I used to be a spiteful runner. I ran in spite of what I wanted, and for that I was proud. I made myself run today, wasn’t I a rockstar? I didn’t give in to my primal desire to lay in bed all day, feasting on Cheetos and binging on Netflix. No, I went out and I ran.
It was awful.
All that time I spent angry about my feet hitting the pavement was a lot of wasted energy. If running is something you do for thirty minutes a day, four times a week, that’s over 100 angry hours every year. Four entire days of negativity. Sounds exhausting.
Especially because something wonderful happens when you embrace the choice to run. Your body finds it’s rhythm. You start to feel like a gazelle. You start to build confidence and mental endurance. You begin to believe you were made to run. And guess what, you were.
Our ancestors were persistence hunters, chasing down their prey before the invention of bows, arrows, and rifles.

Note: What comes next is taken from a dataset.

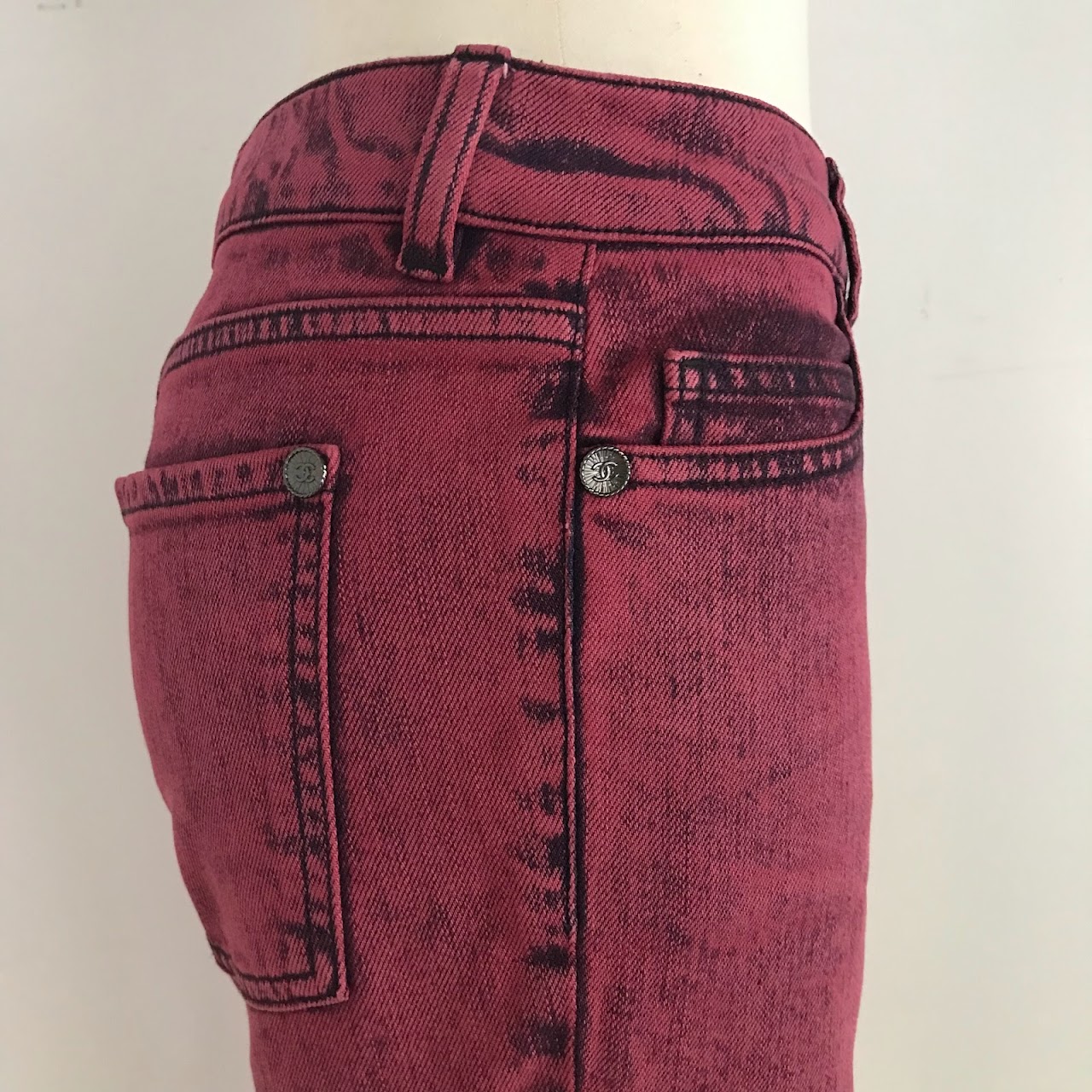 Chanel Pink Acid Wash Jeans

We ran to protect ourselves from predators, and as early as 1829 B.C. we were running for sport in ancient Greece. Our body mechanics, from our glutes, to our sturdy trunk, are huge proponents in our choice to continue moving forward. Running is natural.
Let’s stop buying into the negative narrative about running. In our everything-is-easy-and-accessible world, we shy away from hard things at a rapid pace. While I have a newfound perspective on running, I don’t neglect the fact that running is hard. When I’m running uphill and my lungs are on fire and I feel like I’m going to collapse, I curse the hill, but I keep moving forward. When my arms start to tingle around mile 6, and the sun is beating down on my shoulders, and sweat is burning my eyes, I am thankful to be moving.
Let’s change the narrative and embrace the run.